「…久しぶりだな」

 誰もいない教会で、クラウドはあたかも目の前に親友がいるかのように呟いた。






生きた証








 カダージュたちの戦いにより、壊れた教会はそのままなのだが荒涼とした雰囲気は微塵もなく、静かで清涼な空気が一杯に満ちていた。
 ここだけ、時が止まったように感じられる。
 クラウドはゆっくりと足を運んだ。
 ギシッ…ギシッ…と、クラウドの靴の下から床の軋む音が足音と混ざって静まり返った教会内に響く。
 クラウドの手には、一本の酒瓶。
 中身はティファ特製のカクテルだ。
 エアリスとザックスがライフストリームで再会し、今は幸せなことを祝って…と、ティファが心をこめて作ったオリジナルカクテル。
 それを、持参したワイングラスに注ぐ。
「悪いな、本当はもっと洒落たグラスが良かったんだけど、もしかしたらここに来る前に壊れるようなことがあったら大変だからさ。

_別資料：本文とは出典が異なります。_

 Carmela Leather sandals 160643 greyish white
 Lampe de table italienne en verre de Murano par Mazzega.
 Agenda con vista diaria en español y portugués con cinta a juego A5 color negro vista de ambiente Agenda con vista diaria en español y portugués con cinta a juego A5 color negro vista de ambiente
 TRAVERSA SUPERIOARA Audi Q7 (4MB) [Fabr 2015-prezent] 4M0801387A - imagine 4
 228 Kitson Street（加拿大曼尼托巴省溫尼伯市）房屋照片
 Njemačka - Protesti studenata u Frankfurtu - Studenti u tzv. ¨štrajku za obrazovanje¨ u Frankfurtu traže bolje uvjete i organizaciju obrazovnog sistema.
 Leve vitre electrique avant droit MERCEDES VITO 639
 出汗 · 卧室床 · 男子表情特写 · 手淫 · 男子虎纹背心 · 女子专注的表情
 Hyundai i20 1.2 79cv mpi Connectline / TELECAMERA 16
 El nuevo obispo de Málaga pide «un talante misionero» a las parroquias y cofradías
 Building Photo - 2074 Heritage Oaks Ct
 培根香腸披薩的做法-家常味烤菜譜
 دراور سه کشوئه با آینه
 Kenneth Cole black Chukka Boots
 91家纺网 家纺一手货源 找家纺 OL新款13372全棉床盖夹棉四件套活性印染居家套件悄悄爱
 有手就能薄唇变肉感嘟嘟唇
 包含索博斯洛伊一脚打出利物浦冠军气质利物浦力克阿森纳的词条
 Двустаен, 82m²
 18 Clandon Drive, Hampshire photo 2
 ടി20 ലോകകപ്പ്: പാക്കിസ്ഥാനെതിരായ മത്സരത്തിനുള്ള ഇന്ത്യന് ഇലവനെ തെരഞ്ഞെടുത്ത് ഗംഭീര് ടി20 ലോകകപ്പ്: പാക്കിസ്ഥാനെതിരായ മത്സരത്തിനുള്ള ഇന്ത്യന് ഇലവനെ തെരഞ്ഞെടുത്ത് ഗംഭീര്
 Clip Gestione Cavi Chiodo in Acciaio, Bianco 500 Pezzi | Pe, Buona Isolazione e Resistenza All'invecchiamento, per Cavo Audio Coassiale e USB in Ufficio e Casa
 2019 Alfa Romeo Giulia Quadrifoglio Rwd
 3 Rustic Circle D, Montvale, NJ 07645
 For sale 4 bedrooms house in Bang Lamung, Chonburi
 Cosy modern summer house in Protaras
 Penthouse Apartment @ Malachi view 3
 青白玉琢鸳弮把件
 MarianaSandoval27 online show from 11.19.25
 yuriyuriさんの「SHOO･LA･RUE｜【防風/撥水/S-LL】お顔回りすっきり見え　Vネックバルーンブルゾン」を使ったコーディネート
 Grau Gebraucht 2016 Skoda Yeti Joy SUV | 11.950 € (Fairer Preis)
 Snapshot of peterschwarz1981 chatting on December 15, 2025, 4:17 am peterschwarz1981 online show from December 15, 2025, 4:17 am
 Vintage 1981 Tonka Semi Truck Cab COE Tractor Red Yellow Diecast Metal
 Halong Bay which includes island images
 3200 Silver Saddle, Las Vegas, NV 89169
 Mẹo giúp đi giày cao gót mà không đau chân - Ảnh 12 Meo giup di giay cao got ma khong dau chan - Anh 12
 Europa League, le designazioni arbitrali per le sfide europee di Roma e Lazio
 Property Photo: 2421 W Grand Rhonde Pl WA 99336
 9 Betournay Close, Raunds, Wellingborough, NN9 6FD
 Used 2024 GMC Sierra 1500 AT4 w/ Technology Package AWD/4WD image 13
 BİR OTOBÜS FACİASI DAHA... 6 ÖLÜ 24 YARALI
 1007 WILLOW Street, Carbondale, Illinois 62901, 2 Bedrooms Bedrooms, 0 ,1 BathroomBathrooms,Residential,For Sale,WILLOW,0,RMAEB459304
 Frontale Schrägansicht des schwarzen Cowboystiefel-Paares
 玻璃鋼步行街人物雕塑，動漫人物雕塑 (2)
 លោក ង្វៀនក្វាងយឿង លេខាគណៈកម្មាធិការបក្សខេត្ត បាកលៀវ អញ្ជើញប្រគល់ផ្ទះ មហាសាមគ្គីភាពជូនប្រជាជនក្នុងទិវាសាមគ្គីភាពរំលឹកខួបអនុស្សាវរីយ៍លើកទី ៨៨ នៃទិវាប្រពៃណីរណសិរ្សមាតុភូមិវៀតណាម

結構値がするんだ、他のグラス」

 そう言いながら、クラウドは2つのワイングラスにビンの中身を注いだ。
 スパークリングのカクテルなので、ワイングラスでも十分通用するだろう。
 小さな気泡がグラスを彩り、クラウドはそれをそっと教会に突き立てたバスターソードの傍に置いた。
 ゆっくりとその傍に腰を下ろすと自分のグラスにもカクテルを注ぎ、地面に置いた2つのグラスにカチン…、と軽くあわせる。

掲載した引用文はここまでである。